Mohon tunggu...
Puja Mandela
Puja Mandela Mohon Tunggu... Jurnalis - Jurnalis di apahabar.com

Pria biasa, lulusan pesantren kilat, penggemar singkong goreng, tempe goreng, bakso,fans garis miring The Beatles, Iwan Fals, Queen, musik rock 60s, 70s.

Selanjutnya

Tutup

Sosbud

Meratus Terancam Radikalisme

11 Januari 2018   18:10 Diperbarui: 12 Januari 2018   09:39 591
+
Laporkan Konten
Laporkan Akun
Kompasiana adalah platform blog. Konten ini menjadi tanggung jawab bloger dan tidak mewakili pandangan redaksi Kompas.
Lihat foto
Sumber foto : banjarmasin.tribunnews.com

Saat Bupati Hulu Sungai Tengah, Abdul Latif, ditangkap KPK pada 4 Januari 2018 kemarin, muncul kekhawatiran banyak pihak bahwa penangkapan tersebut berbau "pheli-thik" karena selama ini Bupati HST tidak pernah memberikan izin pertambangan batu bara di wilayahnya. 

Namun, pendapat ini segera dibantah oleh beberapa kalangan lainnya yang mengatakan penangkapan tersebut tidak ada kaitannya dengan sikap tegas bupati terhadap tambang batu bara.

Sempat terjadi perdebatan agak sweeengit di antara dua kelompok tersebut. Satu pihak meyakini penangkapan ini hanya sebagai jalan agar Kabupaten Hulu Sungai Tengah bisa segera dikeruk emas hitamnya. 

Pihak lain yang menolak analisa itu berpendapat KPK melakukan penangkapan karena memang si bupati terlibat suap. Dan soal suap itu, tak ada korelasinya dengan sikap bupati yang melarang wilayahnya disentuh aktivitas pertambangan.

Namun, saat ini semua terang benderang.

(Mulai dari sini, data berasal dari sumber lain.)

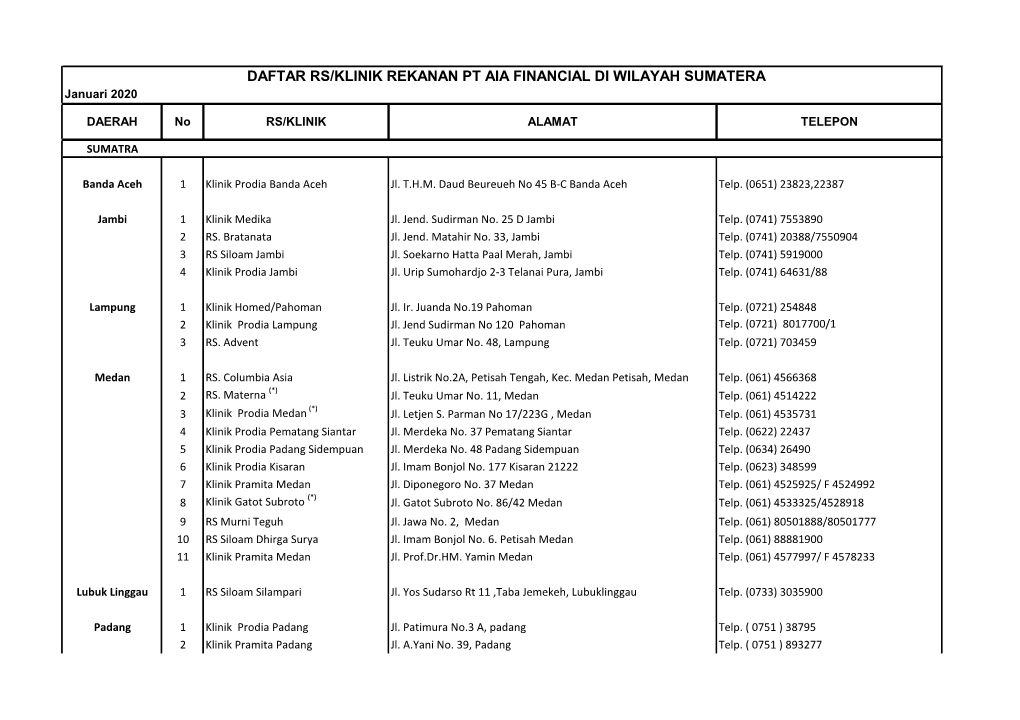 DAFTAR RS/KLINIK REKANAN PT AIA FINANCIAL DI WILAYAH SUMATERA Januari 2020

Itu karena Kementrian Energi dan Sumber Daya Mineral, ternyata sudah menerbitkan keputusan Nomor 441.K/30/DJB/2017 tentang Penyesuaian Tahap Kegiatan Perjanjian Karya Pengusahaan Pertambangan Batu Bara (PKP2B) Mantimin Coal Mining (MCM) menjadi tahap kegiatan operasi produksi. 

Keputusan tersebut dikeluarkan untuk penambangan di wilayah Kabupaten Hulu Sungai Tengah yang meliputi Kecamatan Batangalai Timur. Titik koordinat MCM untuk tahap kegiatan produksi tersebut meliputi tiga lokasi di Kabupaten HST, Balangan dan Tabalong dengan total luas hampir 6 ribu hektar, tepatnya 5.908 hektar. Pada Keputusan menteri ESDM itu, juga disebutkan, kegiatan operasi produksi diberikan sampai 2034 mendatang.

Selama ini, Meratus belum gundul saja, banjir sering terjadi di sana. Apalagi kalau Meratus sudah botak nanti? Ini jelas bencana untuk warga yang tinggal di sekitar kawasan Meratus. 

Sedangkan orang yang sudah begitu paham dengan Indonesia, mungkin berpendapat hal ini adalah sesuatu yang biasa. Alam dirusak itu biasa, tapi kalau alam dipelihara itu baru aneh, tidak lazim. Tak sampai di situ, keputusan ini juga berpotensi menyulut perlawanan dari masyarakat setempat yang selama ini menolak pertambangan batu bara.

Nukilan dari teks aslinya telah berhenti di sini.